The reason I wanted to use S3 was that we have custom addons, one of which is for our product brochures. All brochures have 1 page, but in special circumstances, some products have a second page with more detailed product specs on them. If a file is found in a particular folder that matches the product SKU, then this second page is appended to the PDF. The reason I wanted to use volumes was so that management could FTP directly into the folder and drop the second page PDF files as they were generated... But I gather the same would work for EFS....

How about deployment, do you use ECS for your containers?

I am trying to think of the simplest deploy method to aws. Traffic to our site is about 20K users per month with session times of about 4 minutes which is pretty modest. I keep thinking of dockerizing and using ECS, but maybe that is overkill.
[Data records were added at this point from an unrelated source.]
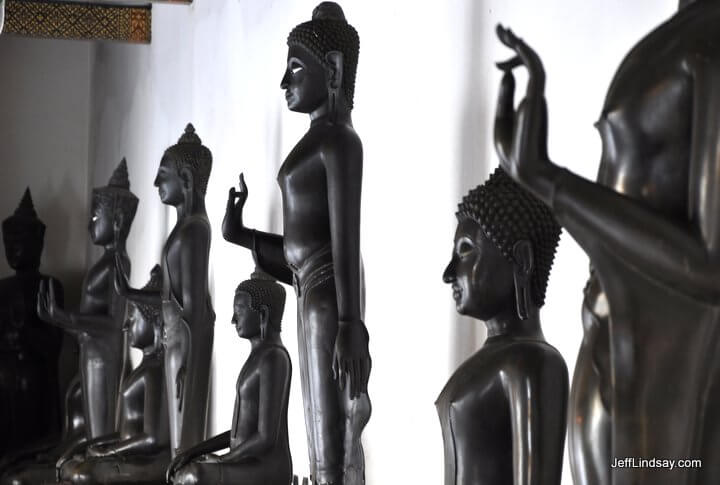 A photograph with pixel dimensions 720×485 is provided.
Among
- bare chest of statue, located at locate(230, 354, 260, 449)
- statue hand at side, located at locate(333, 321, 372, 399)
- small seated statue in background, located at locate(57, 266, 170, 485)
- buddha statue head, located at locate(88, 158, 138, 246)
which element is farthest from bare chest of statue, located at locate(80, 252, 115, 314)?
statue hand at side, located at locate(333, 321, 372, 399)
Currently i run mysql on the same instance as the website. Although I think it makes sense to possibly push the database to its own VPC..
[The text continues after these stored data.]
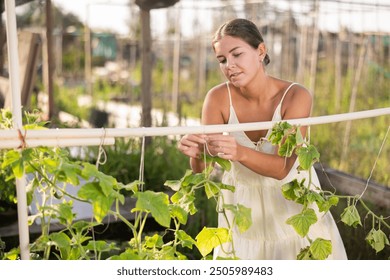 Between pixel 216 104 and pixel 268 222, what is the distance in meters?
0.35

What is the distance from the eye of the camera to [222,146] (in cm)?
119

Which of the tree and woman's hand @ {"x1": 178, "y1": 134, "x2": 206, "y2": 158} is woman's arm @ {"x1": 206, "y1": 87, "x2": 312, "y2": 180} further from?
the tree

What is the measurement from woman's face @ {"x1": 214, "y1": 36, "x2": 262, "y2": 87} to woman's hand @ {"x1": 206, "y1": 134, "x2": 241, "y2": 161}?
327mm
I would be interested in your thoughts.... thanks again

For deployment we use EKS and ECS. It depends on the needs one customer might have. Kubernetes works amazing for websites that only need 3 or 4 application servers, whilst something like ecs is generally more robust and is used along with amazon rds & elasticache to build a store able to withstand the traffic of a few thousand sessions at once.

Besides that, kubernetes also works way better for cross-cloud. As you can easily take your business to azure / google cloud within a few hours. Which is something that a lot of customers also prefer.

Regarding the simplets method to deploy to aws. Just create an aurora database (serverless), with elasticache, and install cscart on a single server. If time comes for autoscaling, its not even that hard to set up at that point. As you will just need to create a docker container for your application and register it accordingly.

Ok, we are just running a single instance of CS-CART at the moment on an ec2 for our production server. Database and redis are installed on the server... Which is probably an expensive way to run it... Would running it on beanstalk be suitable? We have about 20,000 users per month, so not super high traffic.

**EDIT**

Sorry, it has been a while since I read these posts, but reading your previous post makes sense to me now...

I am now thinking that we run with the kubernetes solution as it will perform like for like with our current solution, but also future proof us in that we would be able to scale up in the future...

Considering you obviously have more experience, does that approach sound logical?

One thing I may not have mentioned is that I currently use an NGINX proxy in front of my webserver for caching... would it be worth replacing this with elasticache? I have added some functions to my cscart addon that will clear nginx cache when things like product updates happen, product category reassignment etc.... rather than wiping the whole cache... I would need to consider how I do this in elasticache...

Ok, we are just running a single instance of CS-CART at the moment on an ec2 for our production server. Database and redis are installed on the server... Which is probably an expensive way to run it... Would running it on beanstalk be suitable? We have about 20,000 users per month, so not super high traffic.

**EDIT**

Sorry, it has been a while since I read these posts, but reading your previous post makes sense to me now...

I am now thinking that we run with the kubernetes solution as it will perform like for like with our current solution, but also future proof us in that we would be able to scale up in the future...

Considering you obviously have more experience, does that approach sound logical?

One thing I may not have mentioned is that I currently use an NGINX proxy in front of my webserver for caching... would it be worth replacing this with elasticache? I have added some functions to my cscart addon that will clear nginx cache when things like product updates happen, product category reassignment etc.... rather than wiping the whole cache... I would need to consider how I do this in elasticache...

You can still use nginx as a proxy. ElastiCache is just managed, scalable redis basically. Elastic Beanstalk is an option for sure, although I rather stick with cloud formation due to the fact that Beanstalk is fairly slow at updating (no PHP 8 support yet).